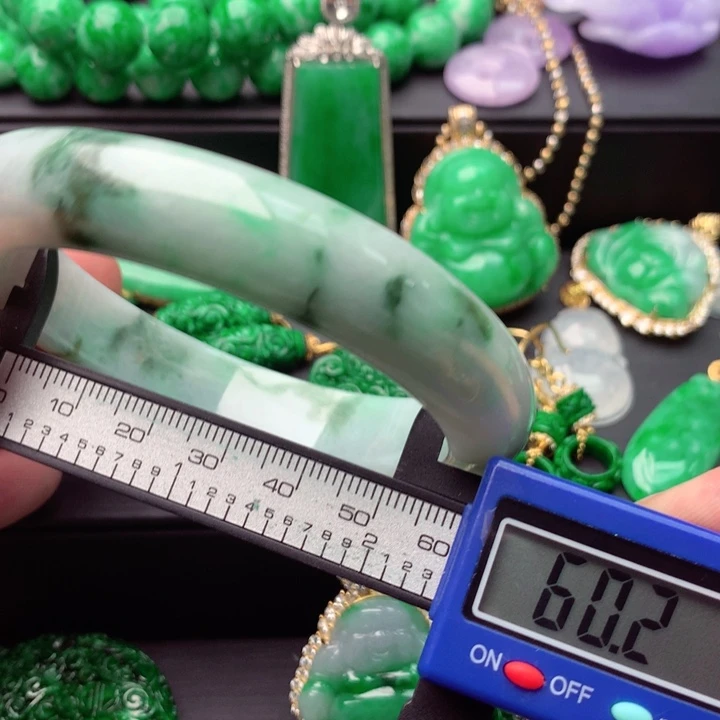 翡翠未镶嵌手镯A货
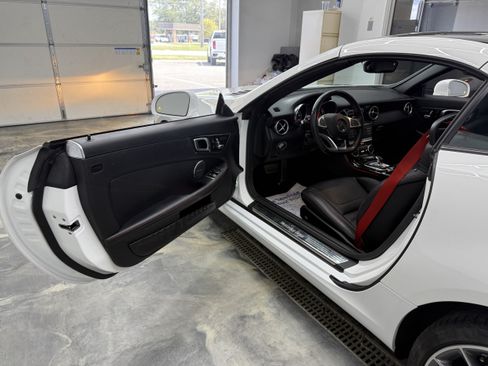 Used 2020 Mercedes-Benz SLC 300 image 8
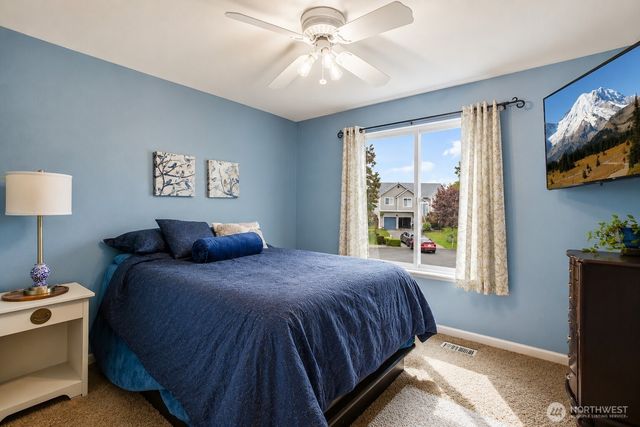 13807 69th Avenue Ct E, Puyallup, WA 98373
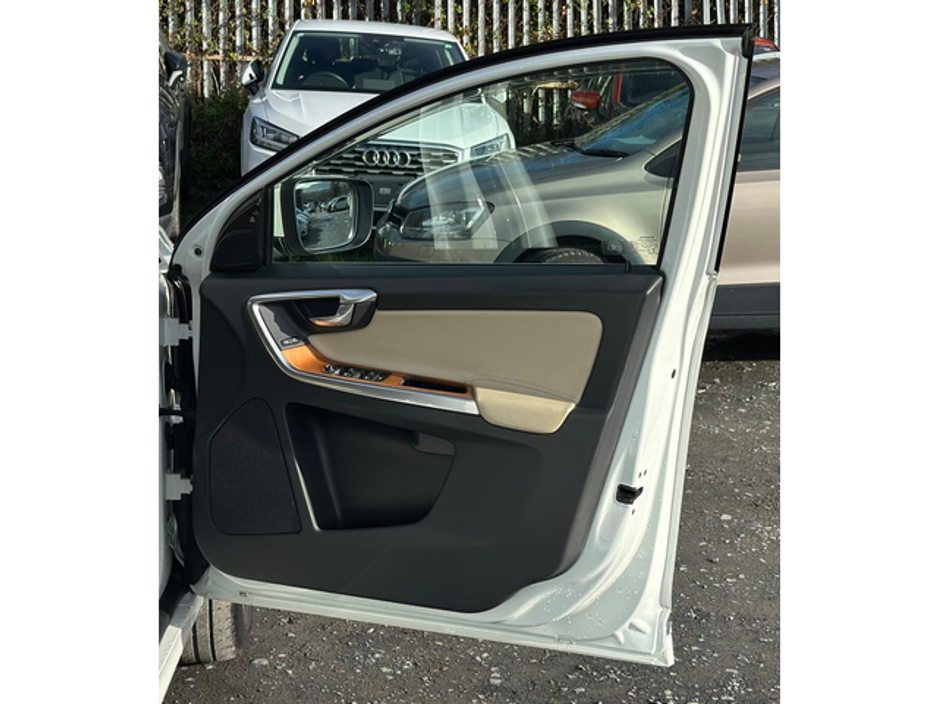 2017 Volvo XC60 - image 9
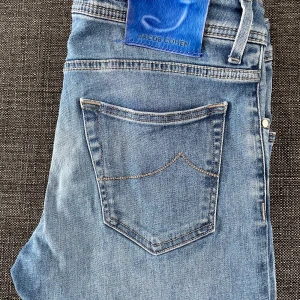 Blå jeans från Jacob Cohen - Säljer ett par riktigt schysta JC jeans i W 32. Längden är 103cm och midjan är 42cm. Nypris ligger runt 6000 och jag säljer för endast 1499 
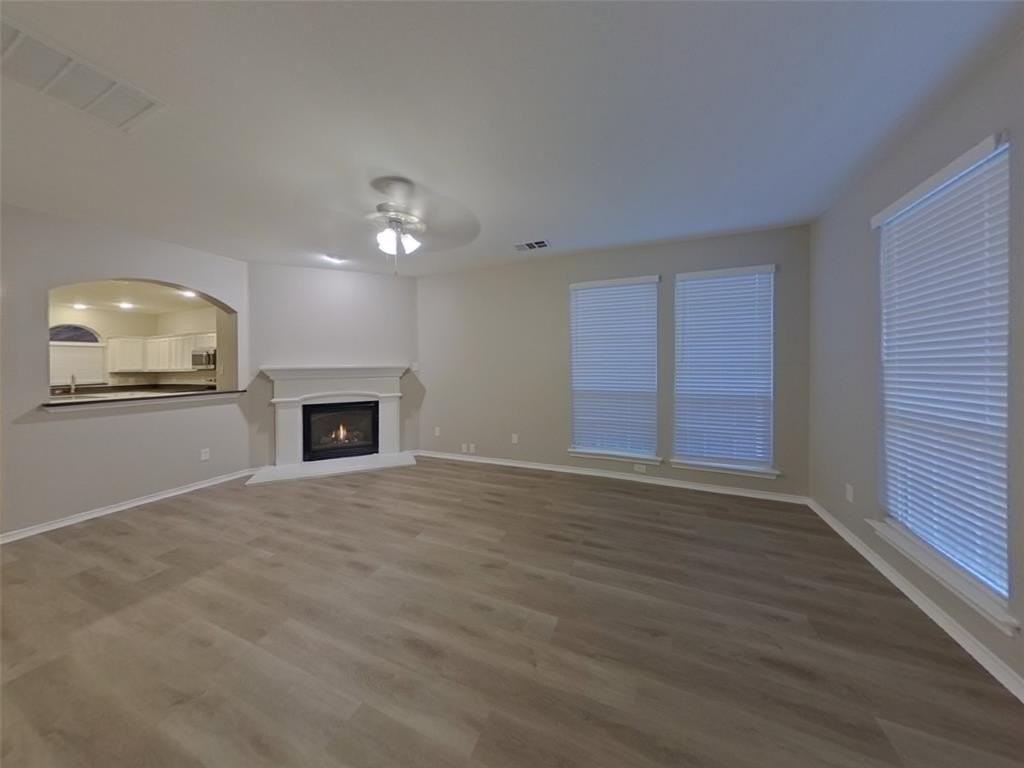 2717 Bull Shoals Dr - Photo 2 of 20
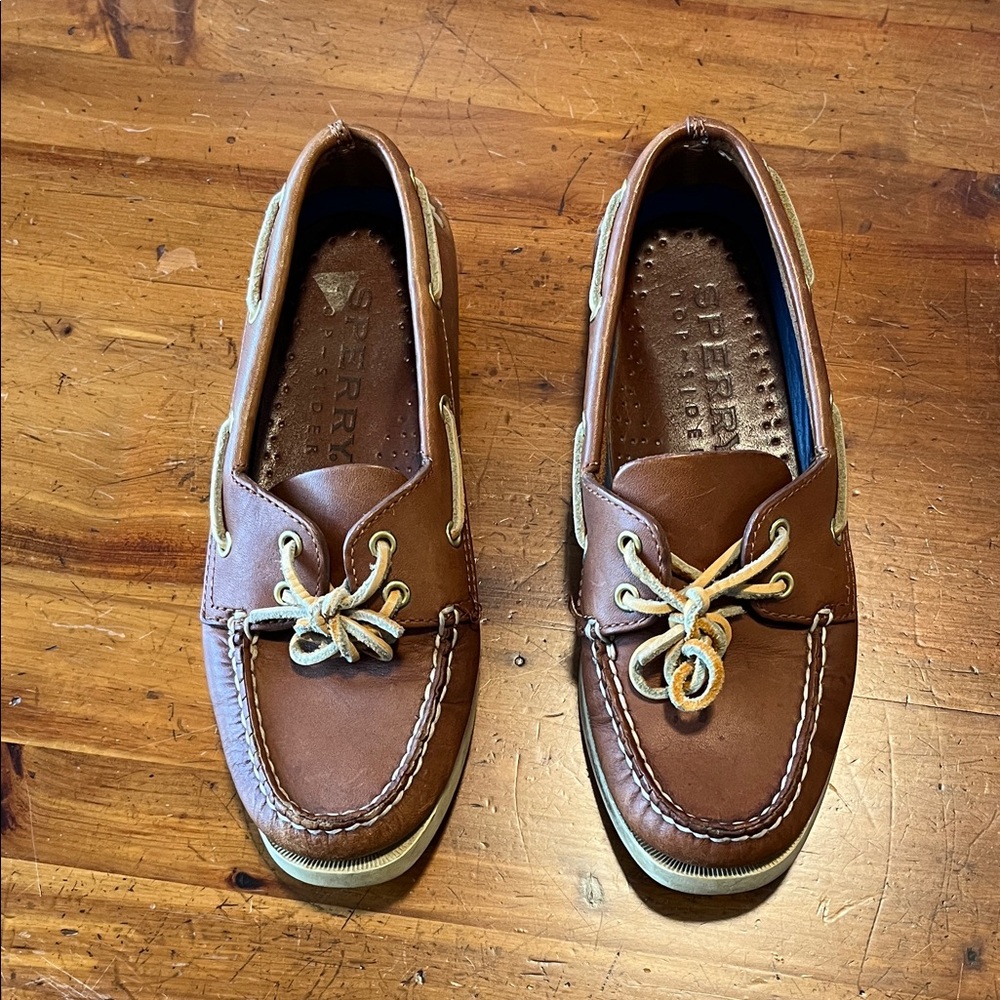 Sperry Women’s Tan and Brown Boat Shoes
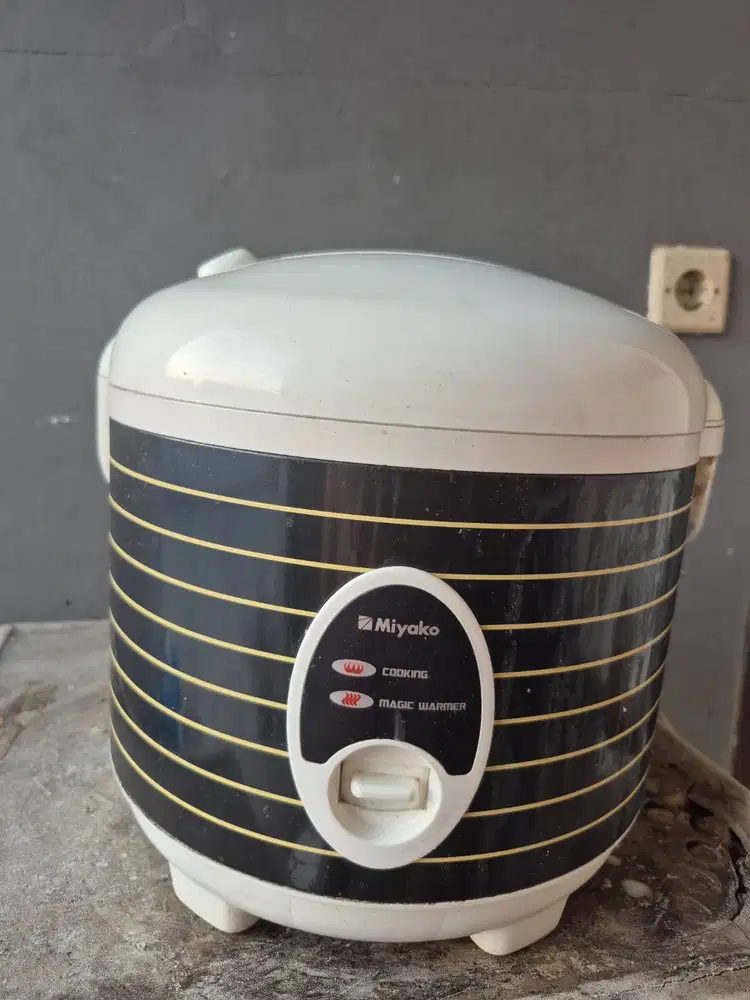 Dijual cepat Ricecooker Jepang Miyako bagus murah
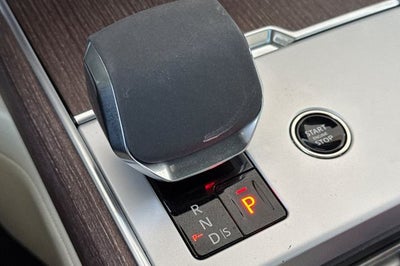 2024 Land Rover Range Rover SE LWB
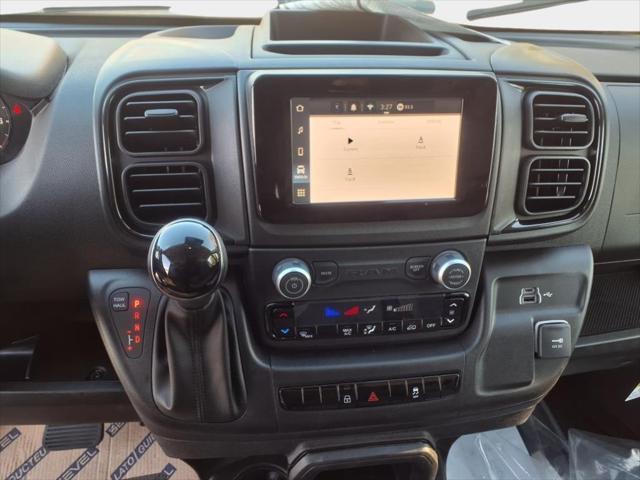 Photo of 2025 Bright White Clearcoat RAM ProMaster 3500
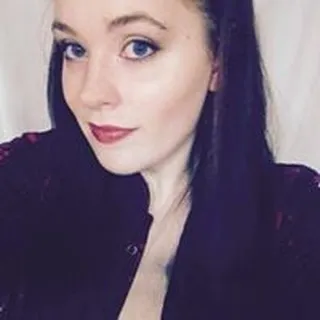 Mara W.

________________________

→ **What is being asked**:
The answer must consist only of the lines from the beginning of the entries above through the line that holds "Sperry Women’s Tan and Brown Boat Shoes", reproduced exactly and without pictures.

→ **Solved exercise**:
 翡翠未镶嵌手镯A货
 Used 2020 Mercedes-Benz SLC 300 image 8
 13807 69th Avenue Ct E, Puyallup, WA 98373
 2017 Volvo XC60 - image 9
 Blå jeans från Jacob Cohen - Säljer ett par riktigt schysta JC jeans i W 32. Längden är 103cm och midjan är 42cm. Nypris ligger runt 6000 och jag säljer för endast 1499 
 2717 Bull Shoals Dr - Photo 2 of 20
 Sperry Women’s Tan and Brown Boat Shoes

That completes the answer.